During the most recent peace talks, the head of the Israeli delegation had indicated its readiness to discuss Jerusalem, but another member had emphasized that the city was the eternal capital of the Jewish people, and that would not change.  Jerusalem was not just a question of borders, he said, adding that there was a need to discuss the holy sites, among other issues.  In the spirit of compromise the Palestinian delegation had proposed that Jerusalem be an open city, with West Jerusalem as Israel’s capital, and East Jerusalem as capital of the State of Palestine, but the Israelis had retorted that they were not at the table to discuss 1948 Jerusalem.  The mediators from the United States had stressed that the aim of the negotiations was a Palestinian State with its capital in Jerusalem, but that formulation had failed to specify that the Jerusalem of 1948 would be the capital of Palestine.  That was important since the city’s 1967 and post-1967 boundaries included areas that were not genuinely part of Jerusalem.  The United States formulation, therefore, allowed for a deal that gave Palestinians artificial parts of Jerusalem but not the Old City, which included Al-Aqsa Mosque.

There would be no State of Palestine without Jerusalem as its capital, he said, emphasizing that Palestinians were not in a position to sacrifice their sovereignty over Jerusalem, just as they would not be able to relinquish their sovereignty over territories occupied in 1967.  It was to be hoped that East Jerusalem as the capital of a Palestinian State, would not remain only a “song for Arab singers”, but became a reality.  Palestinians sought to break the status quo, while the Israelis wished to maintain it, he said.  The status quo could either be broken through reconciliation, by internationalizing the question of Palestine, or by making Israel’s occupation too costly.

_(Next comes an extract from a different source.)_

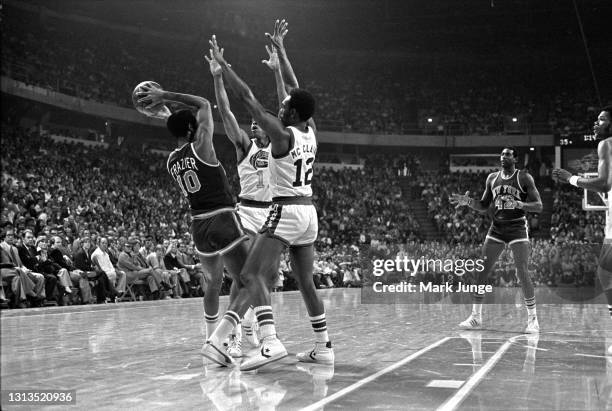 New York Knicks guard Walt Frazier is trapped by Denver Nuggets guards Chuck Williams and Ted McClain as he attempts a pass to his teammate Spencer...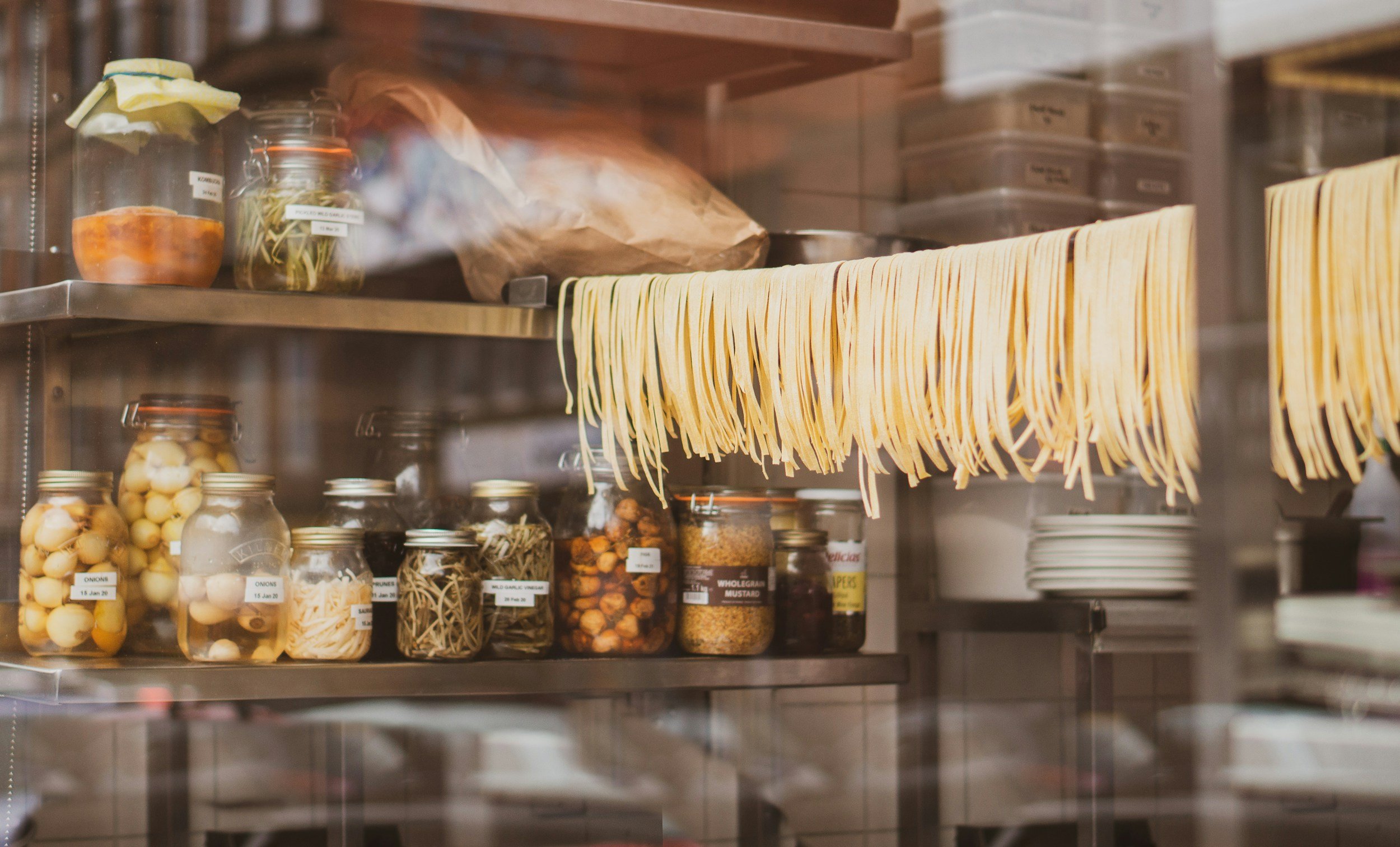 Dry spaghetti hanging on a rack inside a pantry, with jars of preserved vegetables, onions, mustard, and other canned goods on shelves below.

DESRA PERCAYA ( Indonesia) said that his country did not have, and would not open, diplomatic relations with Israel until there was an independent State of Palestine.  As the occupying Power, Israel must act in accordance with international law, protecting civilians and refraining from changing the status of Jerusalem.  The issue of Jerusalem could not be separated from the peace process and in the long run, a lasting solution for Jerusalem was part and parcel of a comprehensive settlement of the Palestinian question, he said, adding that there was full awareness of Israel’s systematic efforts for the permanent annexation of East Jerusalem.

Looking at the principles of the United Nations Charter, there was an important element with respect to Palestine, which was self-determination, he said.  There had been numerous General Assembly resolutions and Security Council resolutions in that regard.  The Economic and Social Council had also discussed the issue of Palestine and Jerusalem, as well as the International Court of Justice, and the Human Rights Council, among others.  The Organization of Islamic Cooperation and the Non-Aligned Movement also had an important role in this regard.  A lot had been done, but the question was whether this was effective.  The reality in the field showed that unfortunately it was not effective, with Israel continuing to defy resolutions, without repercussions.

Efforts in multi-track diplomacy had to be increased.  The issue was not only one for Governments, but for everyone, and so civil society organizations were to be included, he said.  Both the United Nations and the Organization of Islamic Cooperation had often worked independently on the issue.  There was a need to synergize, as well as a need to strengthen alliances with non-State actors.  Women and youth were critical, in every country.  Furthermore, there was a need to establish the presence of the United Nations and the Organization of Islamic Cooperation in Jerusalem.  The creation of a strong narrative that would have appeal for many was very important, he said, adding that a narrative of revenge would not be so.  Awareness must be increased all over the world in order to shift the focus to activities that had a genuine impact on the ground.  It was important that the international community move beyond statements.  “We need to broaden our constituents and increase our critical mass of pro-Palestinians” with action in the field, he said.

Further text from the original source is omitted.